> [Try it]:
The reply is to be the lines from the one with "Видео: РАЗОЧАРОВАНА | CloverPit #2" through the last line of the records below, each retyped exactly, with pictures left out.
Content starts
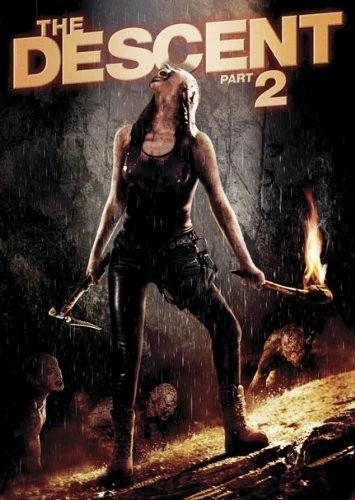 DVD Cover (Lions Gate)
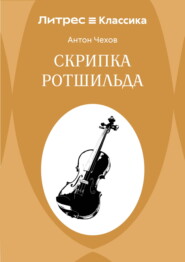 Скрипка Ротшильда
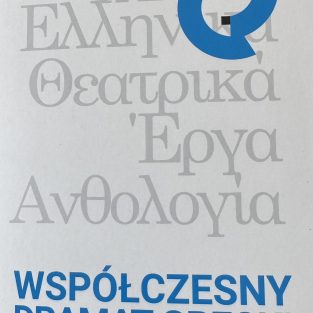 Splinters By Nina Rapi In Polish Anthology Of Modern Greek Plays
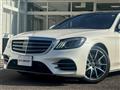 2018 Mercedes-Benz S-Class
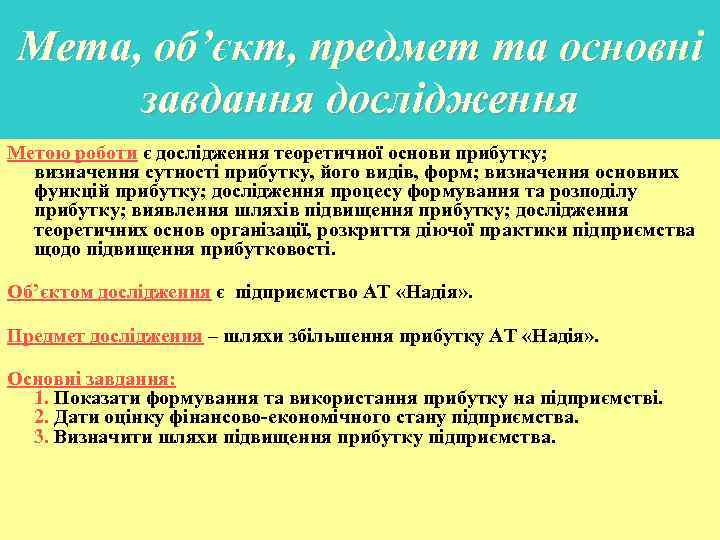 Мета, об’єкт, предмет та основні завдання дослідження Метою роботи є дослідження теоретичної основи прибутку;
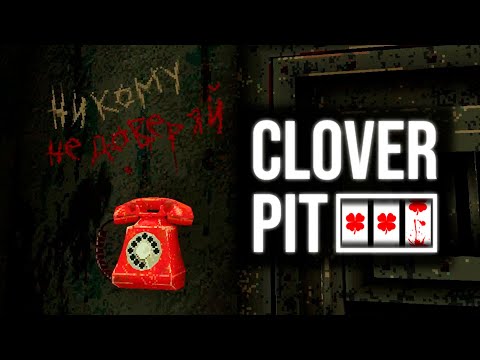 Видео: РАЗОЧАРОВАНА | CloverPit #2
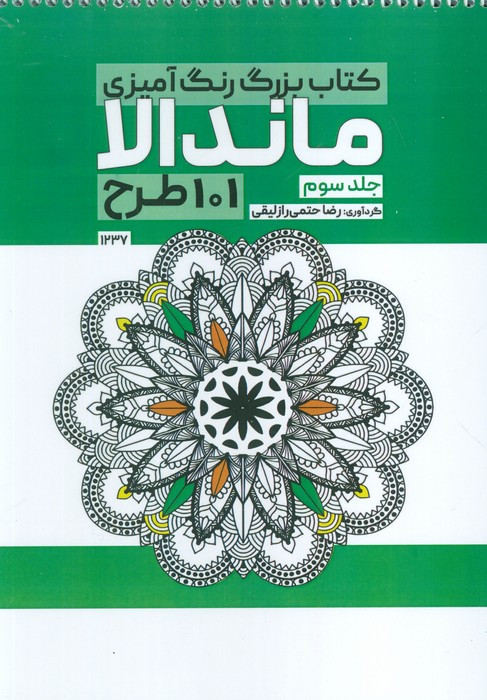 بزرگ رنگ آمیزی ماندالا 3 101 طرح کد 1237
Content ends
> [Result of the task]:
 Видео: РАЗОЧАРОВАНА | CloverPit #2
 بزرگ رنگ آمیزی ماندالا 3 101 طرح کد 1237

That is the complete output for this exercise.